What this task involves: Return all the entries word for word.

··· Supplied records

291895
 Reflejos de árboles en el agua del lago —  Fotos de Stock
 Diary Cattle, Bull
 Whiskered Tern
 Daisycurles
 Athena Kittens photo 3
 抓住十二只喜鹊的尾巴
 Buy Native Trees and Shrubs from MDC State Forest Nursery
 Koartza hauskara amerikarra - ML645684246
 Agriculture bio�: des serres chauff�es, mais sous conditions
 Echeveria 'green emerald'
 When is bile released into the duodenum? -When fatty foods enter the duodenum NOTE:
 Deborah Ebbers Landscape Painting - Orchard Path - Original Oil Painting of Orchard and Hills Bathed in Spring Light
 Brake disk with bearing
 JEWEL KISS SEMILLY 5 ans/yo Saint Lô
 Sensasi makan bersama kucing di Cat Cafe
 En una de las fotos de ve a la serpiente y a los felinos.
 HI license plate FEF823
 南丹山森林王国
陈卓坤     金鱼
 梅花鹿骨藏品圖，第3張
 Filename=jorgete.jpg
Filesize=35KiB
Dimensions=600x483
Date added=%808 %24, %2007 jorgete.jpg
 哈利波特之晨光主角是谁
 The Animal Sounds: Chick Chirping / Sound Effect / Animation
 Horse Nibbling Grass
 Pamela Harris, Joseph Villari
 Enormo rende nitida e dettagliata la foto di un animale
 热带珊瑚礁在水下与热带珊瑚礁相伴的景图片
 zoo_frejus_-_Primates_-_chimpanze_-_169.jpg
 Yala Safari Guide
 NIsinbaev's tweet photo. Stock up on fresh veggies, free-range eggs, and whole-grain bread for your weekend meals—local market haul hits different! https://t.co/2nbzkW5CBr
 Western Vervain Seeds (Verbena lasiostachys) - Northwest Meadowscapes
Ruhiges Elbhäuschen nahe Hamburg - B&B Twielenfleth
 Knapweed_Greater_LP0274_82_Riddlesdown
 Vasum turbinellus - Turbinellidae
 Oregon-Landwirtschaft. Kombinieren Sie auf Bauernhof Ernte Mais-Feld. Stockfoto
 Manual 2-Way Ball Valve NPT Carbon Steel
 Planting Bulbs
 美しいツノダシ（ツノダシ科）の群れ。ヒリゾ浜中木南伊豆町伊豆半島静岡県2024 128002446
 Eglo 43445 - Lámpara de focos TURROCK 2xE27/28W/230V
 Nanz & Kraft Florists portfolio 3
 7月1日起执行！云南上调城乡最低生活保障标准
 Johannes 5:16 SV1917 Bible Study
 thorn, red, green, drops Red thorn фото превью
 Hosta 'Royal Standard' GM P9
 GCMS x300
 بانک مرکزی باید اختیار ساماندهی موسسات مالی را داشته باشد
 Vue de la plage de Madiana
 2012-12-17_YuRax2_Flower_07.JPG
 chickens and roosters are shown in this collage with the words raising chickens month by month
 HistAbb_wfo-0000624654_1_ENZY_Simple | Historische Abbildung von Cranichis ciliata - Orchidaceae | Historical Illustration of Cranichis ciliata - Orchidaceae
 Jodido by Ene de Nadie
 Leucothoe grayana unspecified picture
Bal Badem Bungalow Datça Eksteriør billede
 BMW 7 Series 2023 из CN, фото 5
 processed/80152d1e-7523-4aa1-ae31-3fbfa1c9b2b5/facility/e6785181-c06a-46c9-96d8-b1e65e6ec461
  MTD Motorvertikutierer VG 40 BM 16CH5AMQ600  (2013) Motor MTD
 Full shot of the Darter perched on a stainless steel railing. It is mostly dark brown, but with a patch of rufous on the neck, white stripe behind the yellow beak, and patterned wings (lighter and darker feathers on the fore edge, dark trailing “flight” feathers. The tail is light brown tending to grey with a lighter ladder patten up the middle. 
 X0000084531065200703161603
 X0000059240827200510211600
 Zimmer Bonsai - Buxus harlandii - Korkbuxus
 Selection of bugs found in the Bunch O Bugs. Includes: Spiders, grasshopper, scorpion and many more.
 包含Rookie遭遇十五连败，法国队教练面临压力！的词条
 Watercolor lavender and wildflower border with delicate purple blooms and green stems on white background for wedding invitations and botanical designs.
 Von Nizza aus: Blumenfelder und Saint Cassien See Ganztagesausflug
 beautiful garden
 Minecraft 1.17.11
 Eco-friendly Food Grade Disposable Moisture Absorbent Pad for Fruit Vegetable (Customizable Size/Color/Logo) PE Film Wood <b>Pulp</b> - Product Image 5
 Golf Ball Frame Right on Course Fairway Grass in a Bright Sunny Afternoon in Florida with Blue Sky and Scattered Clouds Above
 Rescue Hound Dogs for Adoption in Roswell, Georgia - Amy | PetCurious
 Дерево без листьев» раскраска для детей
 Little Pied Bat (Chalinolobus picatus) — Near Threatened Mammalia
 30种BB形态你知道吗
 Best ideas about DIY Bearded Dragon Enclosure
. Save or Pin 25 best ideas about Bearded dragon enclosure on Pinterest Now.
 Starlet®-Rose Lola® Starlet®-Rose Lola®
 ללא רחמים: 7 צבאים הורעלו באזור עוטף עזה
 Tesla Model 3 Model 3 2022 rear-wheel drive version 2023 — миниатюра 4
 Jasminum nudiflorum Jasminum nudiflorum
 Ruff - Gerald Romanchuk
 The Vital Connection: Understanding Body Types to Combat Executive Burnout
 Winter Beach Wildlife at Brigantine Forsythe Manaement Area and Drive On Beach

······

Answer space:
291895
 Reflejos de árboles en el agua del lago —  Fotos de Stock
 Diary Cattle, Bull
 Whiskered Tern
 Daisycurles
 Athena Kittens photo 3
 抓住十二只喜鹊的尾巴
 Buy Native Trees and Shrubs from MDC State Forest Nursery
 Koartza hauskara amerikarra - ML645684246
 Agriculture bio�: des serres chauff�es, mais sous conditions
 Echeveria 'green emerald'
 When is bile released into the duodenum? -When fatty foods enter the duodenum NOTE:
 Deborah Ebbers Landscape Painting - Orchard Path - Original Oil Painting of Orchard and Hills Bathed in Spring Light
 Brake disk with bearing
 JEWEL KISS SEMILLY 5 ans/yo Saint Lô
 Sensasi makan bersama kucing di Cat Cafe
 En una de las fotos de ve a la serpiente y a los felinos.
 HI license plate FEF823
 南丹山森林王国
陈卓坤     金鱼
 梅花鹿骨藏品圖，第3張
 Filename=jorgete.jpg
Filesize=35KiB
Dimensions=600x483
Date added=%808 %24, %2007 jorgete.jpg
 哈利波特之晨光主角是谁
 The Animal Sounds: Chick Chirping / Sound Effect / Animation
 Horse Nibbling Grass
 Pamela Harris, Joseph Villari
 Enormo rende nitida e dettagliata la foto di un animale
 热带珊瑚礁在水下与热带珊瑚礁相伴的景图片
 zoo_frejus_-_Primates_-_chimpanze_-_169.jpg
 Yala Safari Guide
 NIsinbaev's tweet photo. Stock up on fresh veggies, free-range eggs, and whole-grain bread for your weekend meals—local market haul hits different! https://t.co/2nbzkW5CBr
 Western Vervain Seeds (Verbena lasiostachys) - Northwest Meadowscapes
Ruhiges Elbhäuschen nahe Hamburg - B&B Twielenfleth
 Knapweed_Greater_LP0274_82_Riddlesdown
 Vasum turbinellus - Turbinellidae
 Oregon-Landwirtschaft. Kombinieren Sie auf Bauernhof Ernte Mais-Feld. Stockfoto
 Manual 2-Way Ball Valve NPT Carbon Steel
 Planting Bulbs
 美しいツノダシ（ツノダシ科）の群れ。ヒリゾ浜中木南伊豆町伊豆半島静岡県2024 128002446
 Eglo 43445 - Lámpara de focos TURROCK 2xE27/28W/230V
 Nanz & Kraft Florists portfolio 3
 7月1日起执行！云南上调城乡最低生活保障标准
 Johannes 5:16 SV1917 Bible Study
 thorn, red, green, drops Red thorn фото превью
 Hosta 'Royal Standard' GM P9
 GCMS x300
 بانک مرکزی باید اختیار ساماندهی موسسات مالی را داشته باشد
 Vue de la plage de Madiana
 2012-12-17_YuRax2_Flower_07.JPG
 chickens and roosters are shown in this collage with the words raising chickens month by month
 HistAbb_wfo-0000624654_1_ENZY_Simple | Historische Abbildung von Cranichis ciliata - Orchidaceae | Historical Illustration of Cranichis ciliata - Orchidaceae
 Jodido by Ene de Nadie
 Leucothoe grayana unspecified picture
Bal Badem Bungalow Datça Eksteriør billede
 BMW 7 Series 2023 из CN, фото 5
 processed/80152d1e-7523-4aa1-ae31-3fbfa1c9b2b5/facility/e6785181-c06a-46c9-96d8-b1e65e6ec461
  MTD Motorvertikutierer VG 40 BM 16CH5AMQ600  (2013) Motor MTD
 Full shot of the Darter perched on a stainless steel railing. It is mostly dark brown, but with a patch of rufous on the neck, white stripe behind the yellow beak, and patterned wings (lighter and darker feathers on the fore edge, dark trailing “flight” feathers. The tail is light brown tending to grey with a lighter ladder patten up the middle. 
 X0000084531065200703161603
 X0000059240827200510211600
 Zimmer Bonsai - Buxus harlandii - Korkbuxus
 Selection of bugs found in the Bunch O Bugs. Includes: Spiders, grasshopper, scorpion and many more.
 包含Rookie遭遇十五连败，法国队教练面临压力！的词条
 Watercolor lavender and wildflower border with delicate purple blooms and green stems on white background for wedding invitations and botanical designs.
 Von Nizza aus: Blumenfelder und Saint Cassien See Ganztagesausflug
 beautiful garden
 Minecraft 1.17.11
 Eco-friendly Food Grade Disposable Moisture Absorbent Pad for Fruit Vegetable (Customizable Size/Color/Logo) PE Film Wood <b>Pulp</b> - Product Image 5
 Golf Ball Frame Right on Course Fairway Grass in a Bright Sunny Afternoon in Florida with Blue Sky and Scattered Clouds Above
 Rescue Hound Dogs for Adoption in Roswell, Georgia - Amy | PetCurious
 Дерево без листьев» раскраска для детей
 Little Pied Bat (Chalinolobus picatus) — Near Threatened Mammalia
 30种BB形态你知道吗
 Best ideas about DIY Bearded Dragon Enclosure
. Save or Pin 25 best ideas about Bearded dragon enclosure on Pinterest Now.
 Starlet®-Rose Lola® Starlet®-Rose Lola®
 ללא רחמים: 7 צבאים הורעלו באזור עוטף עזה
 Tesla Model 3 Model 3 2022 rear-wheel drive version 2023 — миниатюра 4
 Jasminum nudiflorum Jasminum nudiflorum
 Ruff - Gerald Romanchuk
 The Vital Connection: Understanding Body Types to Combat Executive Burnout
 Winter Beach Wildlife at Brigantine Forsythe Manaement Area and Drive On Beach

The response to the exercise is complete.